CALIFORNIA, United States – Barbadian superstar Rihanna made a call for unity in a powerful speech on Saturday, after accepting the prestigious President’s Award at the 51st NAACP Image Awards for her philanthropic efforts.
In a three-minute speech that earned her thunderous applause at Pasadena the Civic Centre Auditorium in California, the singer/ business mogul/actress/philanthropist – who, in 2012, founded the Clara Lionel Foundation, a non-profit organization named after her grandparents that funds ground-breaking education and emergency preparedness and response programmes worldwide – insisted that people needed to be united to fix the world’s problems.
Rihanna spoke of the importance of unifying communities and encouraged people of colour to tell friends of different races to “pull up”.
“If there’s anything I’ve learned, it’s that we can only fix this world together.
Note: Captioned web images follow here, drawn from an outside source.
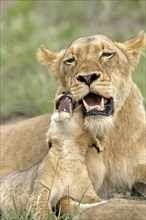 African Lions (Panthera leo), lioness with cub, Sabie Sand Game Reserve, South Africa, Africa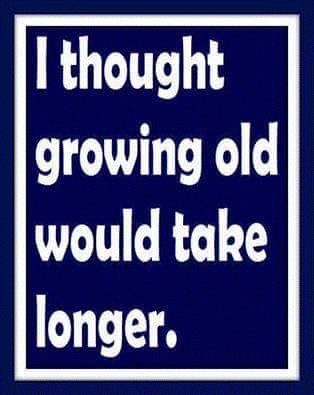 ca02f5e4fadd7030.png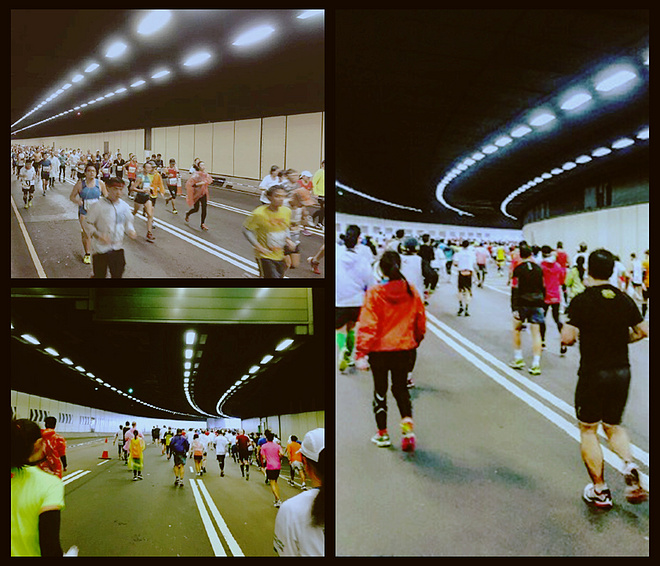 全情投入来爱你 而无论任何天气——致我的第一个港马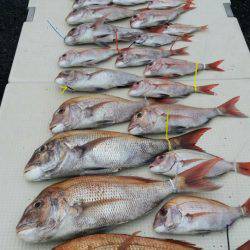 オーフリー 釣果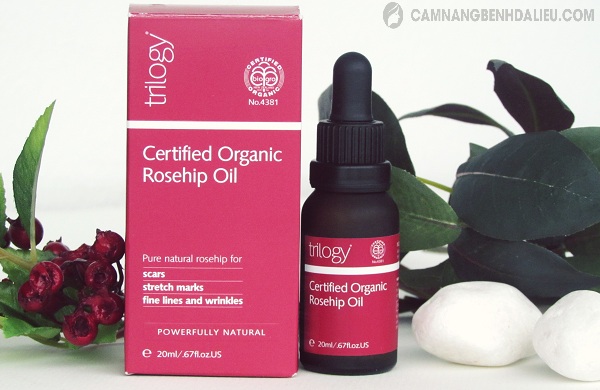 Tinh dầu Rosehip Oil trị rạn da giúp da đàn hồi, căng mịn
We can’t do it divided. I cannot emphasize that enough. We can’t let the de-sensitivity seep in. The ‘if it’s your problem, then it’s not mine’; ‘it’s a woman’s problem’; ‘it’s a black people problem’; ‘it’s a poor people problem’,” she said.
Posing a question and asking for a show of hands from the audience, the 32-year-old global music and fashion icon continued: “How many of us in this room have colleagues and partners and friends from other races, sexes, religions? They want to break bread with you, right? They like you? Well then, this is their problem too.”
“So when we’re marching and protesting and posting about the Michael Brown Jrs and the Atatiana Jeffersons of the world, tell your friends to pull up,” she added, referring to an unarmed 18-year-old man who was fatally shot by a white policeman and a 28-year-old woman who was shot to death in her mother’s Dallas home by a police officer.
Derrick Johnson, President and CEO of the NAACP, the US’ oldest and largest nonpartisan civil rights organization, said in a statement that Rihanna had received the award for not only her “ground-breaking career as an artist and musician”, but also for being a “stellar public servant”.
“From her business achievements through Fenty, to her tremendous record as an activist and philanthropist, Rihanna epitomizes the type of character, grace, and devotion to justice that we seek to highlight in our President’s Award,” said Johnson who presented Rihanna with the award at a live show aired on BET.
Alongside her musical achievements which include nine Grammy awards, Rihanna has added more credits to her burgeoning resume: executive producer, fashion designer, actress, business entrepreneur and philanthropist.